Que laboratório dedicado ao 5G e à IA é este, o que poderá naquele fazer?
O laboratório é muita coisa, não é só aquele espaço. Nós estamos a trabalhar no 5G há muito tempo – não é nenhuma inconfidência, neste momento já estamos a olhar para os planos no 6G, porque estas coisas das tecnologias olham-se com uma timeline de oito a dez anos. Mas o facto de estarmos a trabalhar com o 5G há tantos anos faz com que tenhamos já uma experiência muito grande numa tecnologia que ainda não há em Portugal.
Mas o que é que vai poder ser feito quando chegar?

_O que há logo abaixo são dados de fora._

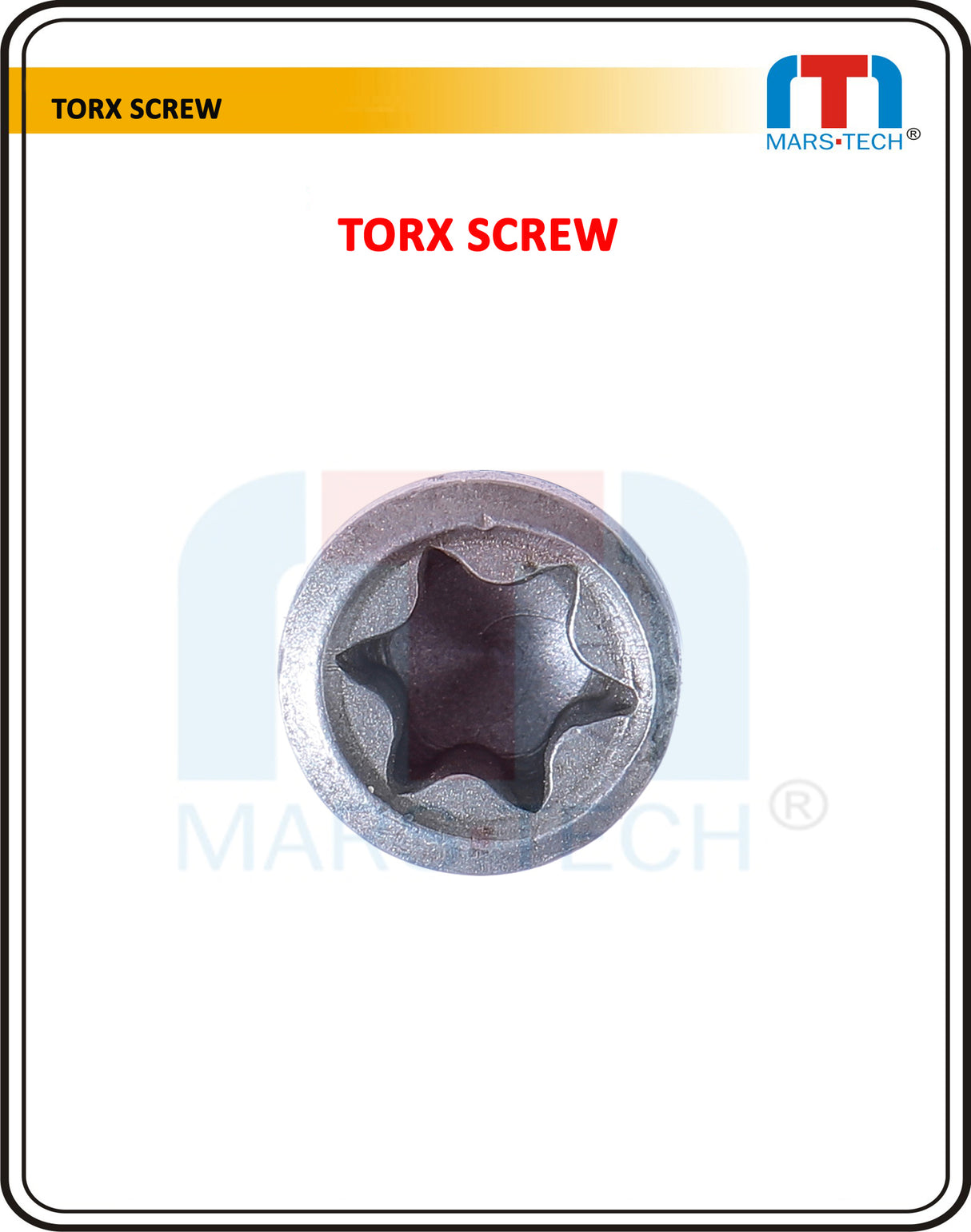 Torx Screw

O 5G é uma tecnologia muito plástica, porque não há um 5G, há várias formas que o 5G pode tomar. E algumas são particularmente adequadas para cenários industriais. Portanto, com base na nossa experiência europeia, começamos a compreender que havia uma necessidade de facilitar a transição digital das empresas, usando a tecnologia 5G. A transição digital está em cima da mesa, mas está a ser tratada de uma forma um pouco empolada por pessoas que não têm a tecnologia associada. Por outro lado, está a ser tratada de uma forma muito centrada nas tecnologias do passado. Pode haver uma transformação de todo o nosso ecossistema económico a partir do momento em que temos um dos tais potenciais 5G, só que as empresas têm muito pouca noção disso.
Como assim?
Quando digo que há várias possíveis visões do 5G quero dizer que saber exatamente qual é a melhor visão para as empresas não é absolutamente irreal. Posso dizer que fazer 5G numa fábrica pode significar coisas incrivelmente diferentes – e umas [visões] não vão servir para as outras.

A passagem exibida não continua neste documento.